Supplied material:
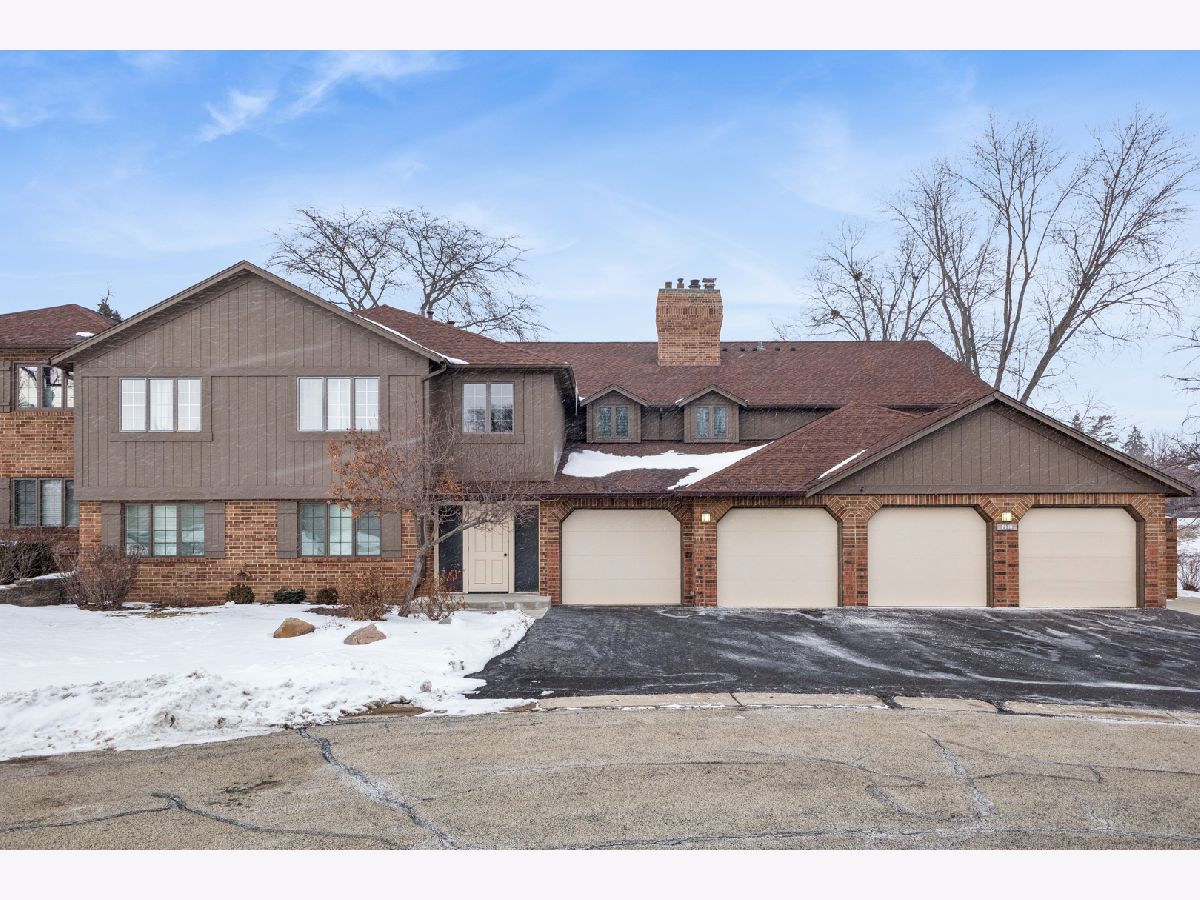 Condos & Townhomes For Sale Oak Hills Country Club Palos Heights Illinois, 7930 Lakeview Court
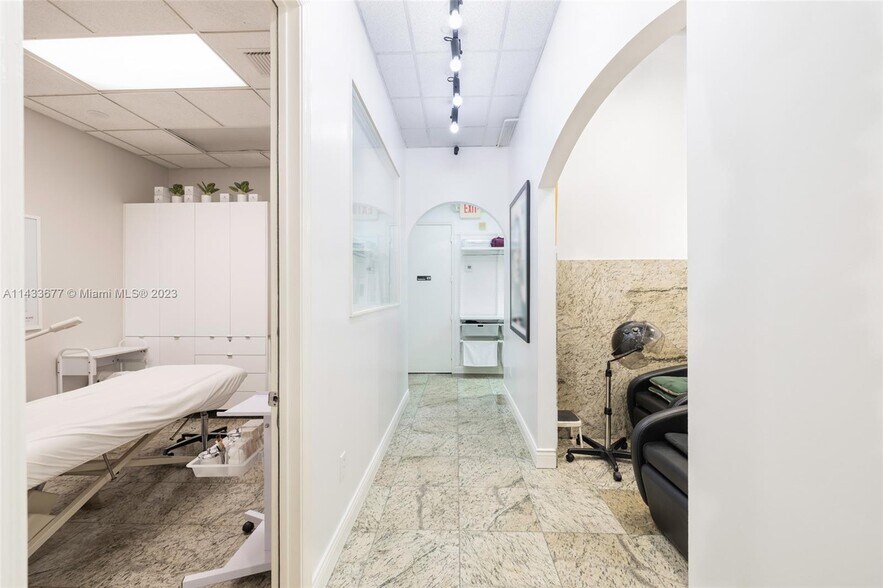 More Photos Of 520 Biltmore Way, Coral Gables Storefront Retail Office For Sale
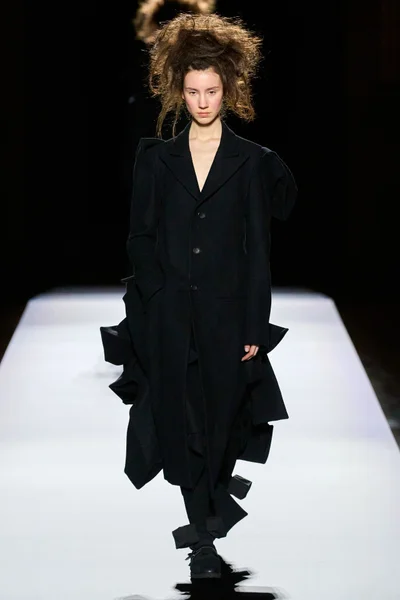 Look 5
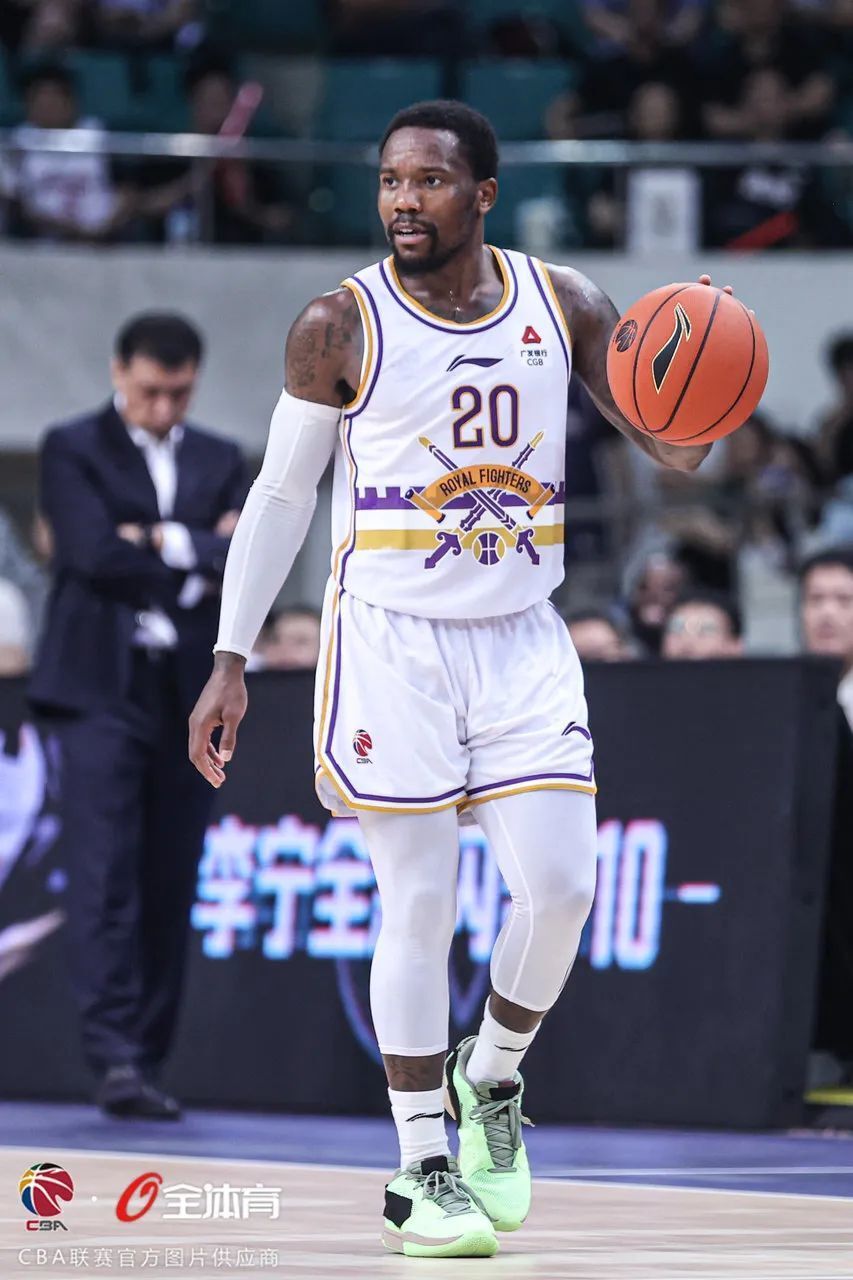 赛场直击费尔德大三元北控男篮客场战胜广州龙狮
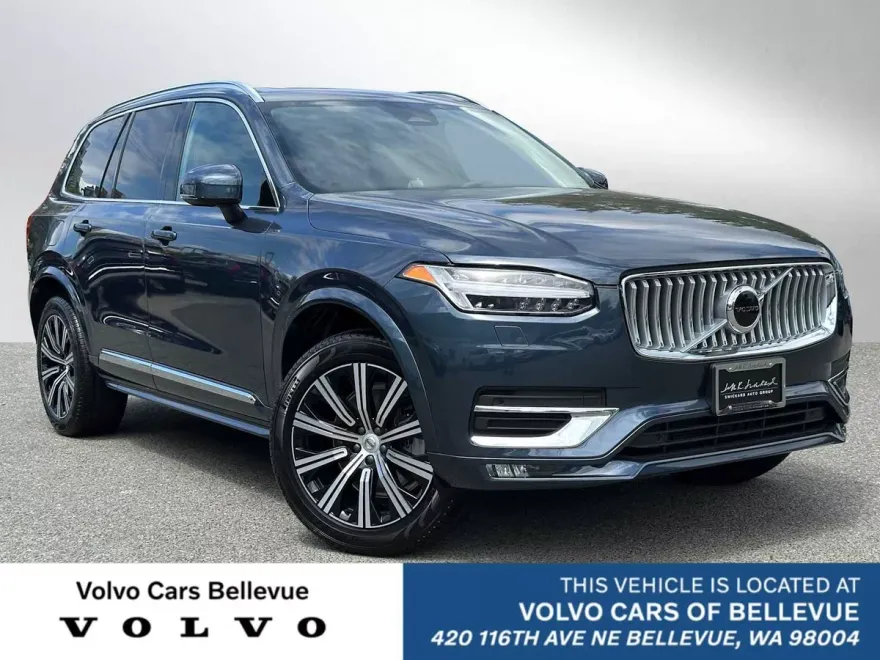 2025 Volvo XC90 B5 Core photo 1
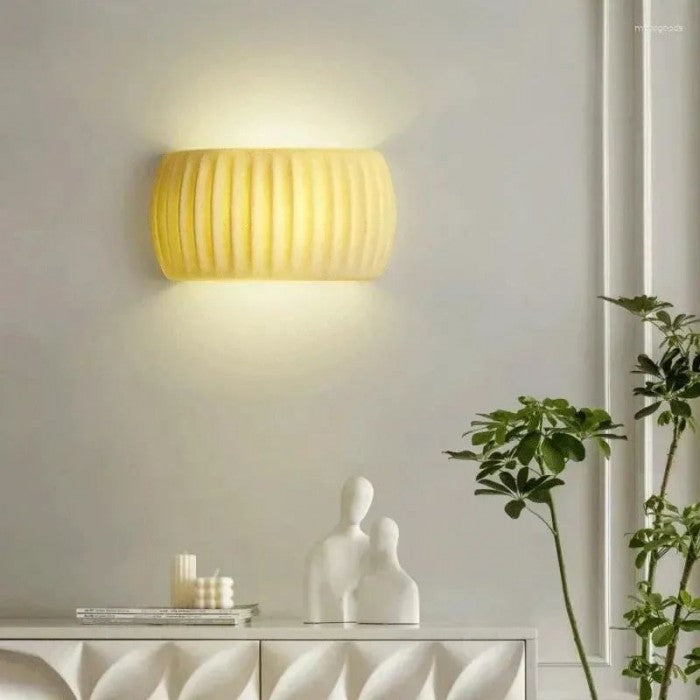 Nordic Ripple Wall Light – Sculptural Resin Sconce | Contemporary Scandinavian Accent Lighting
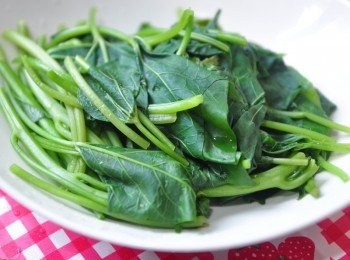 step3: 將川燙後的地瓜葉撈起備用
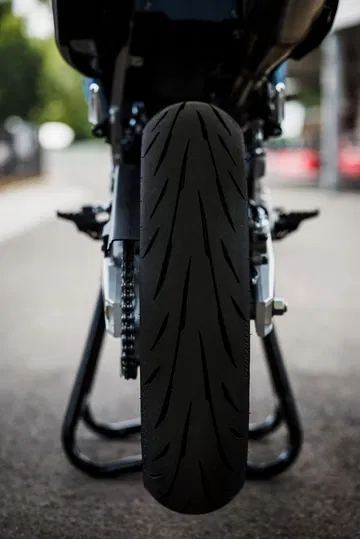 Vista trasera de la Suzuki DR-Z4SM, destacando el diseño y agarre del neumático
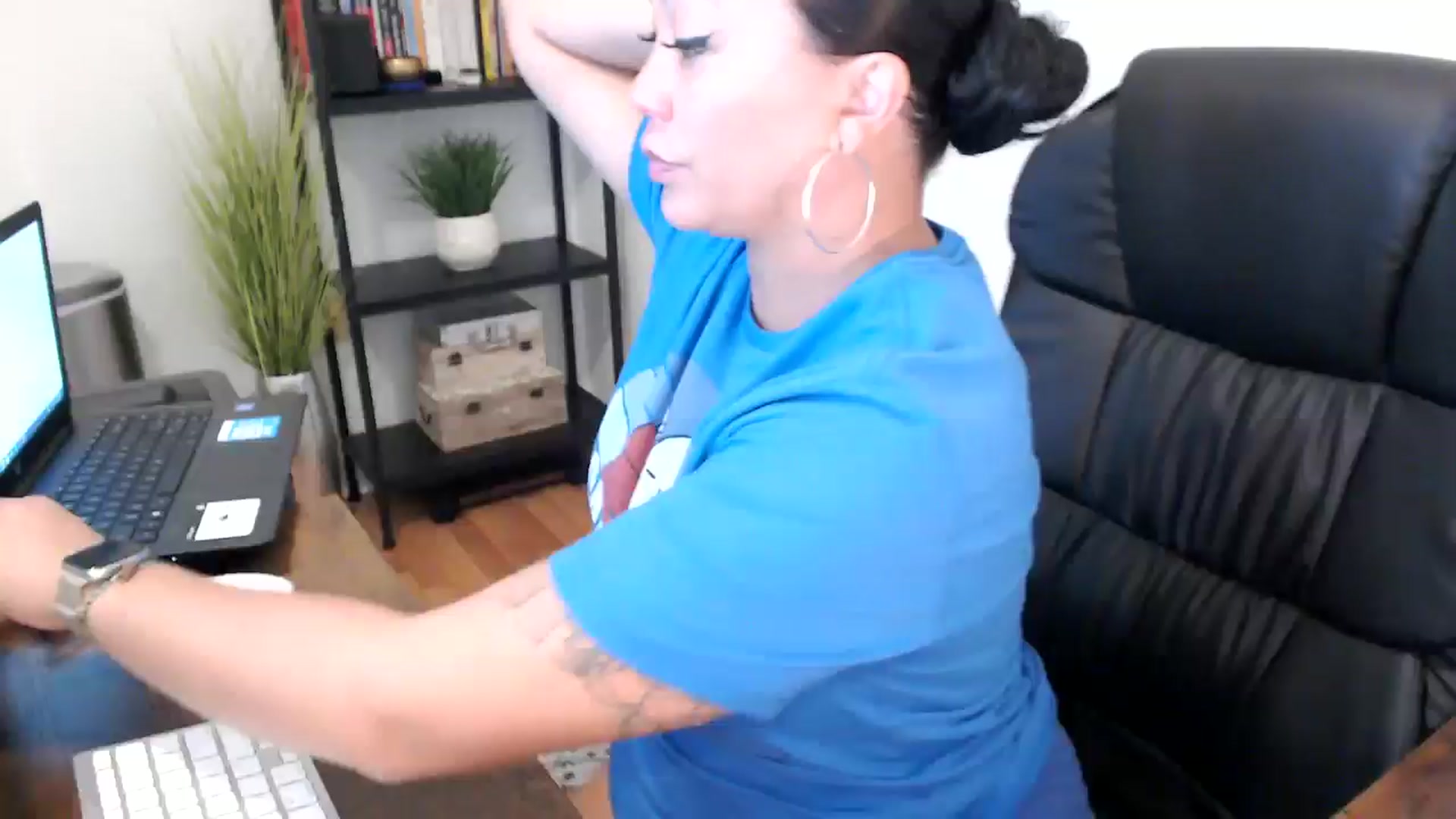 Gallery image thumbnail from MickaylaMoon's myfreecams stream on, 09/04/2024, 15:59 image 1 of 20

Your goal: What you return must match the material above exactly, apart from its pictures.

Answer space:
 Condos & Townhomes For Sale Oak Hills Country Club Palos Heights Illinois, 7930 Lakeview Court
 More Photos Of 520 Biltmore Way, Coral Gables Storefront Retail Office For Sale
 Look 5
 赛场直击费尔德大三元北控男篮客场战胜广州龙狮
 2025 Volvo XC90 B5 Core photo 1
 Nordic Ripple Wall Light – Sculptural Resin Sconce | Contemporary Scandinavian Accent Lighting
 step3: 將川燙後的地瓜葉撈起備用
 Vista trasera de la Suzuki DR-Z4SM, destacando el diseño y agarre del neumático
 Gallery image thumbnail from MickaylaMoon's myfreecams stream on, 09/04/2024, 15:59 image 1 of 20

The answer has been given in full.